The bank’s chief executive says it has little interest in risky opportunities in foreign emerging markets when it is based in the world’s strongest emerging market – one it fully understands. Rob Dwyer reports.

Roberto Setúbal, chief executive of Itaú Unibanco, sits on the board and is also a member of the council of the International Monetary Conference and of the international advisory committees of the Federal Reserve Bank of New York and the New York Stock Exchange

Roberto Setúbal: focus on becoming a truly regional bank

WHEN THE PRESIDENT of Brazil, Luiz Inacio Lula da Silva, decides to try to make his country the financial centre of the developing world, he has little trouble persuading the state-owned banks to support his vision. Or, rather, as the rumours have it, he had little trouble in replacing the chief executive of Banco do Brasil with a banker more inclined to pursue an expansionist agenda. Lima Neto’s resignation in April 2009 was reportedly forced on him; he was paying the price of Lula’s frustration at the leading state bank’s failure to lower interest rates and to more aggressively expand its presence in emerging markets. Aldemir Bendine, former vice-president for new business and credit cards, became Banco do Brasil’s new chief executive on April 23 2009.

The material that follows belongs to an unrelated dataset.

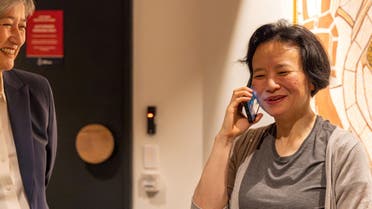 Australian journalist Cheng Lei speaks on the phone, on arrival at Melbourne Airport in Melbourne, on October 11, 2023. (Reuters)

On August 9 2010, the Brazilian finance minister, Guido Mantega, told journalists gathered at a press conference in São Paulo: "The African continent is the future". The event was held to announce that Banco do Brasil, in partnership with privately owned Brazilian bank Bradesco and Portugal’s Banco Espírito Santo (BES), was to form a holding company to consolidate BES’s African investments.